Desajustados sociais, marginais meio romantizados, esquisitos mas humanos.
Pessoas que fazem algo sobrenatural, algo raro que pode ser útil, na paz e na
guerra.
A Guerra Fria foi
uma época em que todos os “talentos selvagens” relativos à mente foram sendo
testados. Desde o LSD administrado sem aviso às cobaias, como na recente série
de TV Wormwood quanto aos delírios de
laboratório deixando sequelas.
Ou as verbas
investidas em paranormalidade (há uma versão jocosa disto em Homens Que Olhavam Para as Cabras, 2009,
de Grant Heslov), ou a criação de um “Arquivo X” só para rastrear o
lumpen-sobrenatural.
É meio repetitivo
falar em Guerra Fria como grande influência na obra de Dick, mas essa paranóia
constante aparece em quase tudo dele. Não o medo do Comunismo ou do Nazismo,
que aparecem citados em poucos livros. Mas o medo da sociedade de vigilância e
punição a ser instalada para poder produzir uma defesa contra a ameaça
comunista e nazista.
A Guerra Fria era
a ameaça de uma guerra atômica que nunca chegou a acontecer (a não ser para
duas cidades do Japão), e para que ela não acontecesse criaram-se imensas
estruturas militares, tecnológicas, jurídicas, financeiras. A atual Sociedade
da Hipervigilância pode até nem ter sido o objetivo inicial da Guerra Fria, mas
é resultado dela.
É ao mesmo tempo a
sociedade do espetáculo, da vigilância, da interconexão, do acompanhamento. De
certa forma,Time Out of Joint é mais
uma das obras de P. K. Dick onde um personagem parece dizer: “descobri que sou
o homem mais importante do mundo”. Foi este o título de uma tradução portuguesa
deste livro.
O paranóico
descobriu-se no centro de um mundo que o conhece e acompanha suas ações com
ansiedade. E não só isto: o mundo em que ele vive foi criado para ele, em função dele, é um paraíso classe-média feito à sua imagem e
semelhança.
Já a vida pessoal
de Truman Burbank, no filme de Peter Weir, é apenas o mais bem produzido reality show da Terra, e com uma cereja
no bolo: o imenso novelão é encenado à revelia do personagem principal, para
quem aquilo é uma cidade de verdade. Ele pensa que aquele trabalho é de
verdade, que aquela esposa é de verdade...
Por isso que
Truman Burbank gostava de tomar cerveja. Nenhum filósofo, nenhum cientista pode dizer
que aquela cerveja que ele tomava ali não era real.

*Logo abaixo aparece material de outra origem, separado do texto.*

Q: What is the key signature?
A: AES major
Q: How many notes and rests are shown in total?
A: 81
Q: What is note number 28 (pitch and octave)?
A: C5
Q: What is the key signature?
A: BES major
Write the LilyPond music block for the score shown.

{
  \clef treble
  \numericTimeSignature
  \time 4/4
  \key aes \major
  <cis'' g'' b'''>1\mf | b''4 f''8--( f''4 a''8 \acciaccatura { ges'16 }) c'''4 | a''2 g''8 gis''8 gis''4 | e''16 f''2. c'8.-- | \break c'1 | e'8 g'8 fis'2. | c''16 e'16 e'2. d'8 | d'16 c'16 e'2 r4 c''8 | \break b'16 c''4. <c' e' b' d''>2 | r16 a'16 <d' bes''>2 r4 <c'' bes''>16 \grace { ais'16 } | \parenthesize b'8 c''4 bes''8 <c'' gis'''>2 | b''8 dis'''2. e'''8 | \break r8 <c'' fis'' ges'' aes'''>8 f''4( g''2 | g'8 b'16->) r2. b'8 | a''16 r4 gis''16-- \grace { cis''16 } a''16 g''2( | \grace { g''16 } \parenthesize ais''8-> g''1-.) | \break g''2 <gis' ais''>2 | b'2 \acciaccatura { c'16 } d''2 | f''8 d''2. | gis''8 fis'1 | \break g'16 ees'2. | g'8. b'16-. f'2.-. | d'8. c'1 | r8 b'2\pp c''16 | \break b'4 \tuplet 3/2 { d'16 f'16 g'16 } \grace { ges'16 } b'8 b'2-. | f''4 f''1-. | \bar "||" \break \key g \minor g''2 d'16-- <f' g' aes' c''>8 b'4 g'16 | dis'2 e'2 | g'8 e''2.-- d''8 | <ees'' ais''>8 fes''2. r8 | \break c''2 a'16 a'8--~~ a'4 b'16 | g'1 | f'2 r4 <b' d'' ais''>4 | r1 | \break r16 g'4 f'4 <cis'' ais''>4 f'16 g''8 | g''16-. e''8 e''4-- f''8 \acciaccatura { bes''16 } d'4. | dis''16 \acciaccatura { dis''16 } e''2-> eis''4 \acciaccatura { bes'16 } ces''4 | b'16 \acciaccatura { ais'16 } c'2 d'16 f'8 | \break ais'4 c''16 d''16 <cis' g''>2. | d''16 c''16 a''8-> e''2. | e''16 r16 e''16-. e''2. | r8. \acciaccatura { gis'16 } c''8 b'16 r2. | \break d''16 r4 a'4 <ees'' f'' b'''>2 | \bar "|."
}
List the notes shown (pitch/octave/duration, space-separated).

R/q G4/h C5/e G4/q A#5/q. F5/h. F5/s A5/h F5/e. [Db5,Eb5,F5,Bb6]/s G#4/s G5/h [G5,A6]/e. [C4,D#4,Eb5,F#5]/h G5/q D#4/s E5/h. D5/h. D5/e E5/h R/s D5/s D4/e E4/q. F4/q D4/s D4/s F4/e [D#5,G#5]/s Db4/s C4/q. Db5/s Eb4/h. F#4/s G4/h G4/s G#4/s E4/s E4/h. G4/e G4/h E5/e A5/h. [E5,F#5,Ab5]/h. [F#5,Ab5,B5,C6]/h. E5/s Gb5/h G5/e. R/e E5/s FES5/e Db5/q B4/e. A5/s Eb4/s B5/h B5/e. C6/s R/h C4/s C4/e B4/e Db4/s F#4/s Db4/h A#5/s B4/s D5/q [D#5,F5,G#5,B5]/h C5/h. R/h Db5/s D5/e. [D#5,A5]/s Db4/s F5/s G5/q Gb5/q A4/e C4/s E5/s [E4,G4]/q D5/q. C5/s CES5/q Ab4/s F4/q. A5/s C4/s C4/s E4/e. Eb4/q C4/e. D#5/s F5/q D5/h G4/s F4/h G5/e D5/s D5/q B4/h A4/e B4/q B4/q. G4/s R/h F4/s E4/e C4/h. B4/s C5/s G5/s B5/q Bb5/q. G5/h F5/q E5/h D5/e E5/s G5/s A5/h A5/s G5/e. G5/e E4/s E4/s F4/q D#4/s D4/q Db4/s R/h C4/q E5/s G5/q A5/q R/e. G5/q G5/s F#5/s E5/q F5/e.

O Tempo Desconjuntado tem algumas das melhores
páginas “philipkdickianas” da literatura de FC, aqueles trechos onde a fachada
do Real se rasga e deixa entrever alguma coisa que existe por trás.
E no faz sentir
admiração por um personagem que decide ir em frente e confirmar uma dessas duas
hipóteses: ou eu fiquei louco, ou o mundo em que eu vivia era uma mentira.